We’re starting to get a little bit hip now. You can mention us at parties.
Marillion have album covers that are very reminiscent of the old Moody Blues covers with colorful, surreal paintings that relate to the “concept” records each painting accompanies. Fish, who collaborates on the covers with artist Mark Wilkinson, can go on and on about how the symbols (and records) are all interrelated, and what each jester or chameleon or magpie represents in the grand Marillion scheme of things—and how his lyrics relate to each of them. To make things seem even more obvious, the band’s name is derived from Silmarillion, a book by J.R. Tolkien— although Marillion keyboardist and historian Mark Kelly claims that they inherited the name from a late ’70s unit that
included only current guitarist Steve Rothery and was nothing like today’s Marillion. (“Somewhere in the book it explains that Silmarillion means a brilliant jewel,” he says, “so we figure Marillion must mean jewel or something. But it’s really just a name we inherited. We don’t have anything to do with Hobbits or anything.”) At any rate, love ’em or loathe ’em, Marillion is the spiritual reemergence of all those bands it was hip to hate during punk’s late ’70s heyday (even though some of these “haters” would later deem hipness to, say, the Rain Parade’s debut LP or some danceoriented “new wave” music that has more to do with “progressive rock” than it does with Johnny Rotten).

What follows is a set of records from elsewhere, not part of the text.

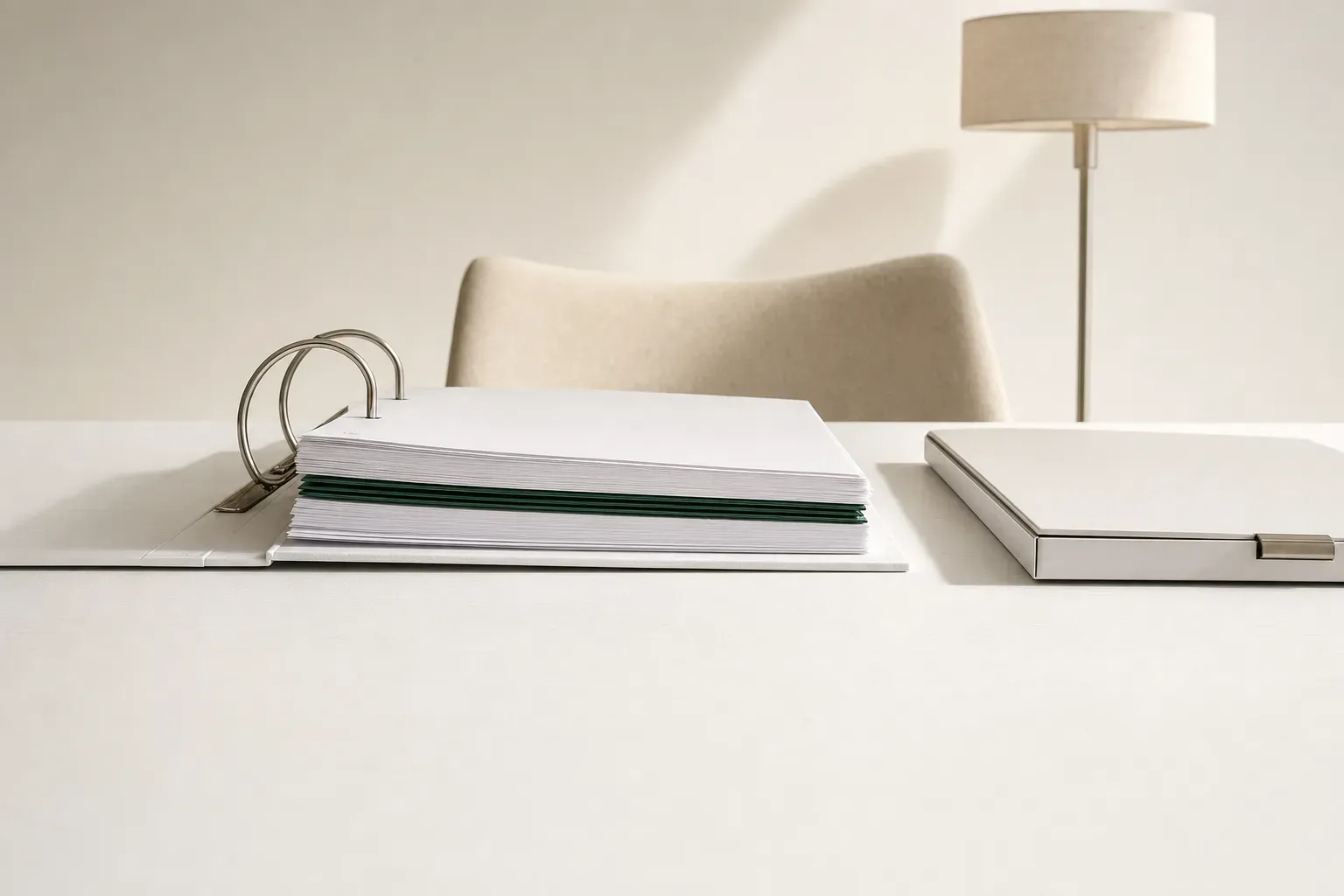 Seen low across a painted white timber dining table: an open binder of plain white printed sheets with three deep-green sheets buried part-way down the stack, one closed clasped folder beside it, an empty chair behind — what the licence file on top doesn't tell you.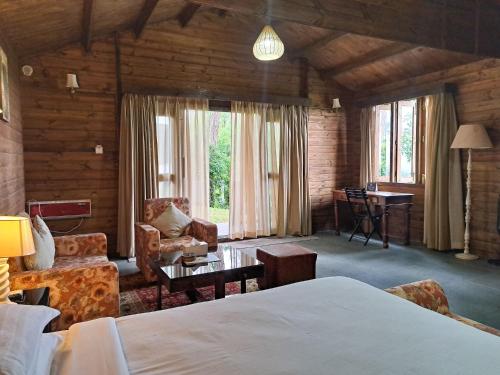 a bedroom with a bed and a living room at The Heritage Club - Tripura Castle Hotel and Spa in Shillong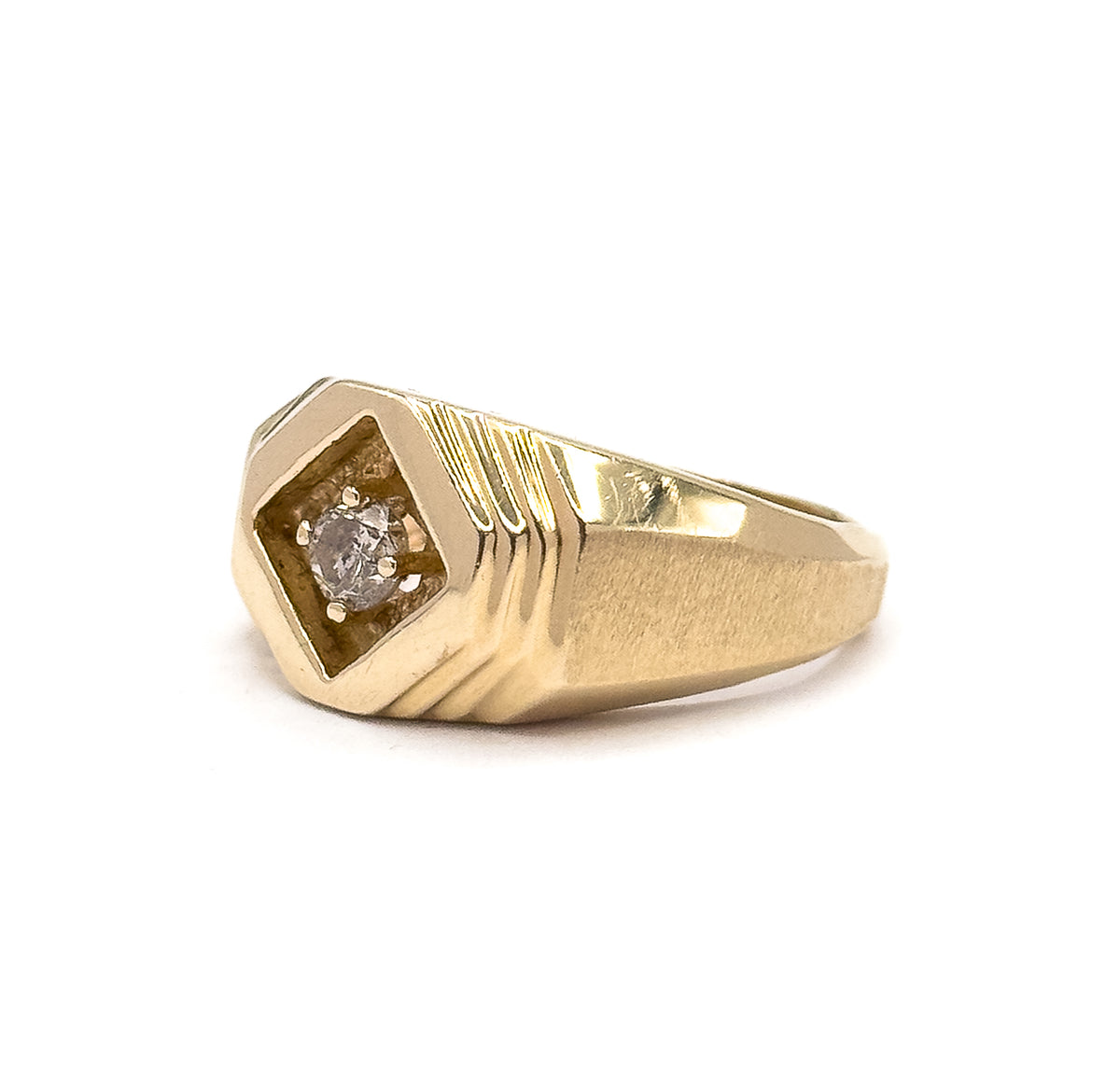A raised three-quarter view from the front corner, the recessed diamond-shaped face angled toward the viewer with its prong-set stone, stepped grooves and matte shoulder catching the light.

Yet there is one major difference between Marillion and their musical forebears, and this is the contact they make with their audience during live performances. There always seemed to be a wall between those ’70s mega-bands and their audience (Rick Wakeman kept his back to the audience the entire night at that infamous Yes concert), but, despite a lavish show with special effects, Marillion seem to tear down the walls with Fish’s patter and the musicians’ rock ’n’ roll poses. Although some of their music threatens to put me to sleep, kids stand for the entire show, fists raised in the air, cheering and singing along with every single word. It almost looks like a Bruce Springsteen concert.
Fish tells jokes (one especially tasteless one was that American girls give better blowjobs because they grew up trying to drink McDonald’s milkshakes through straws—but the predominantly male audience seemed to find it hilarious, and the point here is that you couldn’t imagine Jon Anderson or Roger Waters telling blowjob jokes onstage in 1973). He chastised the British press for trying to “scandalize” Simon LeBon by reporting that he was out with a groupie while his poor wife sat home pregnant and barefoot. And he sings “Let’s Twist Again” to music that has absolutely nothing to do with Chubby Checker’s, leading the audience in a twist-along during their final encore. As a result, Fish seems more the jester or clown in a show that could make him potentially look like a pretentious schmuck.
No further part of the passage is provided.